What Continuous Lunar Surface Power Can Unlock Next
Having power through the night is a force multiplier. Prospecting for volatiles, in turn, demands thermal management and stable power for practiced drills and spectrometers. Rovers also need to be heated overnight so their batteries and electronics don’t freeze. Communications relays can also keep connections up and running for international missions operated through the Artemis Accords. Morell and his colleagues believe that, longer-term, RFC-sponsored microgrids could supplement fission surface power systems being examined by U.S. agencies at the 40 kW scale in order to provide redundancy and load sharing.
Modular power also decreases mission risk, and it saves money. Instead of custom energy storage in every lander, customers could connect to a local power utility assembled once and used as needed. That model—familiar to terrestrial microgrids—is also applicable to logistics-constrained lunar operations.
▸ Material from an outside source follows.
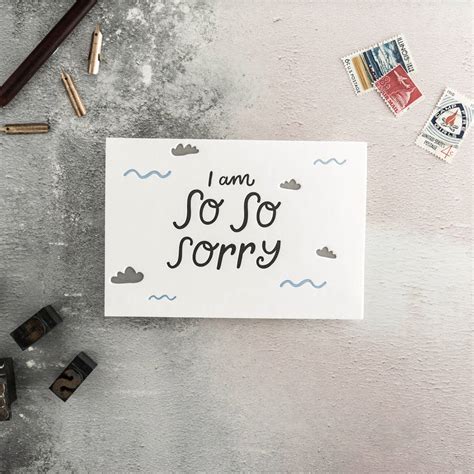 I Am So So Sorry Letterpress Card By Hunter Paper Co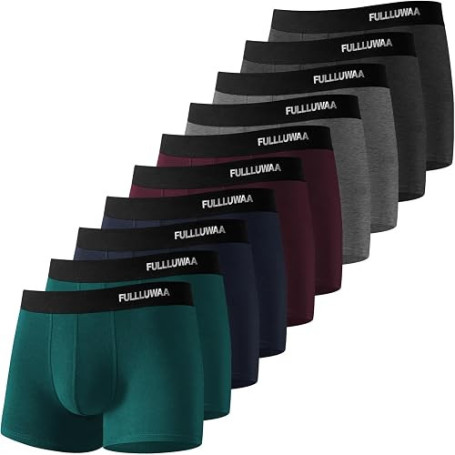 Fullluwaa Boxer Homme Coton Lot de 10, Doux Ceinture Élastique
What to Watch Next as Honda and Astrobotic Progress
Key achievements include site-dependent illumination maps, a hardware-in-the-loop demonstration of the RFC with VSAT control integration, and an obvious mass–power–volume trade against alternatives such as large battery banks or radioisotope systems. The involvement, for validation, of an organization such as NASA, JAXA, or a national lab will add credibility, and environmental testing—cycling hardware through vacuum, extreme cold, and exposure to dust—will boost confidence.
If Honda and Astrobotic can demonstrate a repeatable RFC–VSAT stack, with reliable performance during the lunar day–night cycle, they won’t simply be turning on the lights—they’ll be laying the groundwork for a power market on the Moon.
That’s the sort of underpinning infrastructure every other lunar ambition out there quietly relies on.